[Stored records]
*** Begin section ***

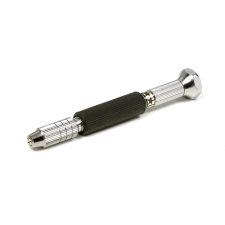 tamiya Fine Pin Vise D-R sikattyús mini fúró (0.1-3.2mm) makett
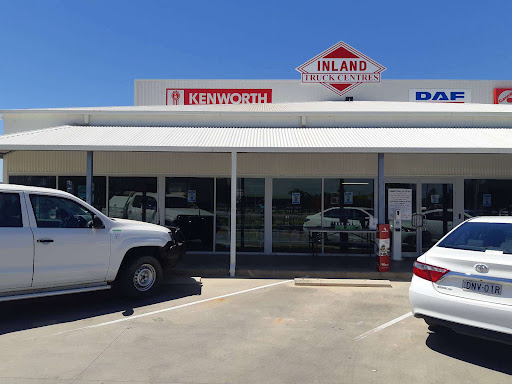 Inland Truck Centre - Thumbnail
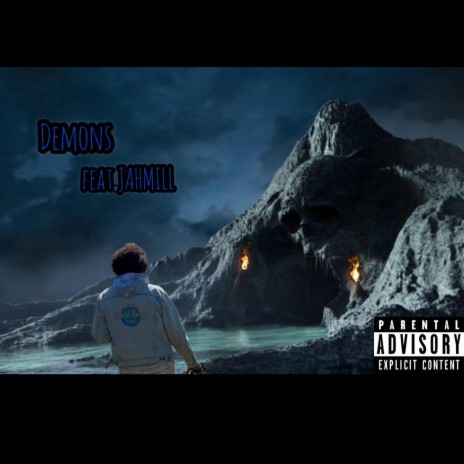 Demons (Radio Edit) ft. Jahmill | Boomplay Music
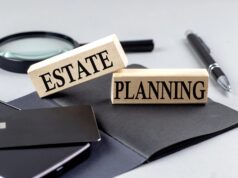 ESTATE PLANNINGISN’T ONE DOCUMENTIT’S A SYSTEM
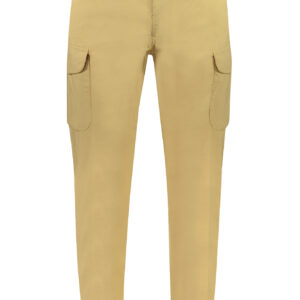 NORTH SAILS BEIGE MEN'S PANTS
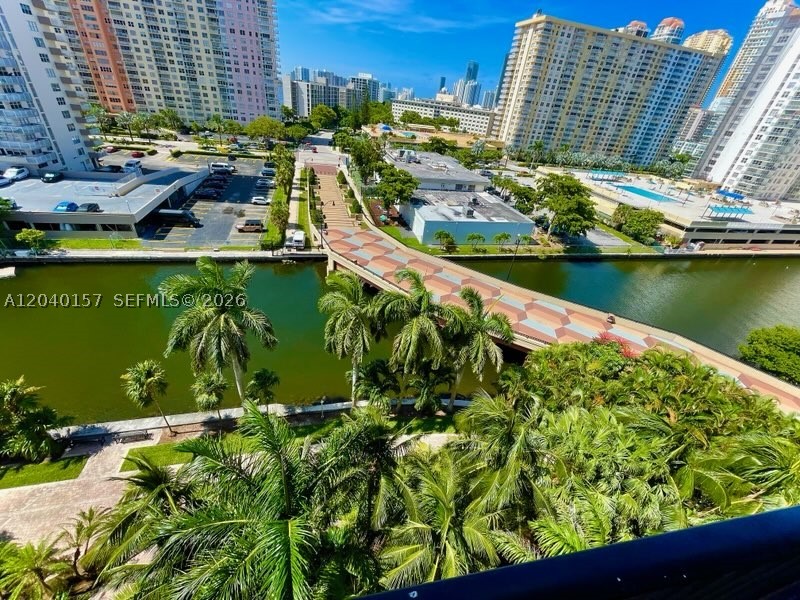 17150 N Bay Rd #2912 Sunny Isles Beach, FL 33160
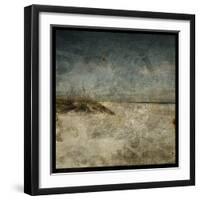 Mason Boro I-John W Golden-Framed Giclee Print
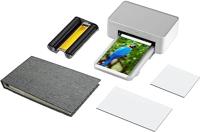 Xiaomi Instant 1S Fotoprinter Printresolutie: 300 x 300 dpi Papierformaat (max.): 100 x 148 mm - thumbnail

*** End section ***

Copy only this, please: the line with "Mason Boro I-John" and every line after it through the end of the data, with no pictures.

 Mason Boro I-John W Golden-Framed Giclee Print
 Xiaomi Instant 1S Fotoprinter Printresolutie: 300 x 300 dpi Papierformaat (max.): 100 x 148 mm - thumbnail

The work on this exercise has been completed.